A new report by the Institute for Public Policy Research (IPPR) says planned homes are often not built because developers instead want to increase the land’s value before selling it on, or they are ‘land banking’ to slow building rates and maintain high house prices.
The think-tank argued this meant the Government should not ‘rip up the red tape to get Britain building’, but must instead strengthen the planning system, which would also help restore nature, generate clean energy and build other important infrastructure.
It recommended exploring new laws to force developers to build within a certain time frame of securing planning permission or face sanctions.
The Government should also create a new Cabinet Office team to produce a national spatial strategy to oversee land use, the IPPR said.

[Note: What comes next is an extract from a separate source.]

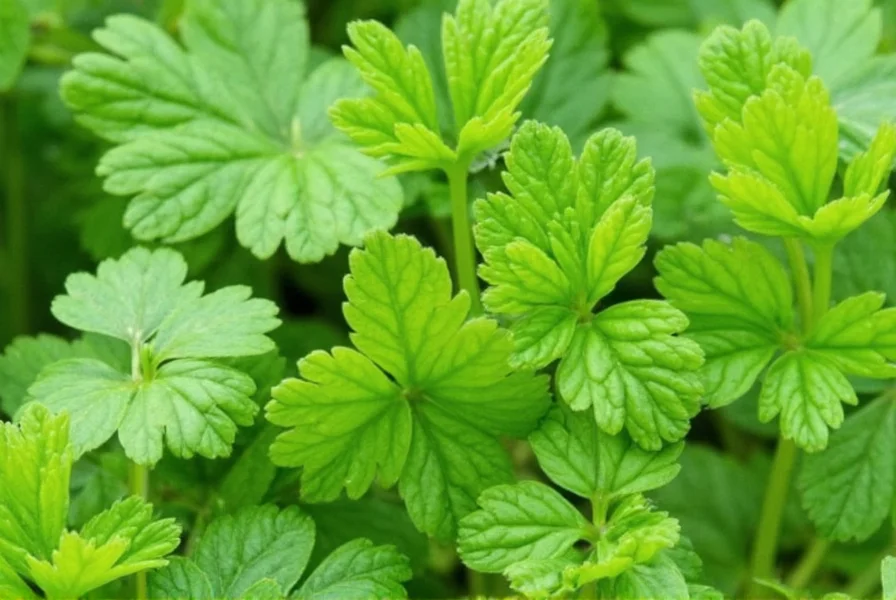 What Does Parsley Taste Like: Flavor Profile Explained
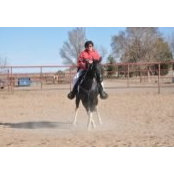 Barbara Ferber's photo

Senior IPPR research fellow Dr Maya Singer Hobbs said: ‘Market driven house-building is broken, and won’t deliver the 1.5 million homes the Government has promised.
‘Years of deregulation and cuts to organisations like the Environment Agency means the planning system now operates as the last bastion of defence against bad design, nature degradation, pollution and over extraction of our waterways.
‘We must support local, regional and national planners to do their job.’
The Local Government Association’s housing spokesperson, Adam Hug, said: ‘Councils approve nine in 10 planning applications, but people cannot and do not live in planning permissions.
‘Councils must be given greater powers to ensure prompt build out of sites with planning permission.’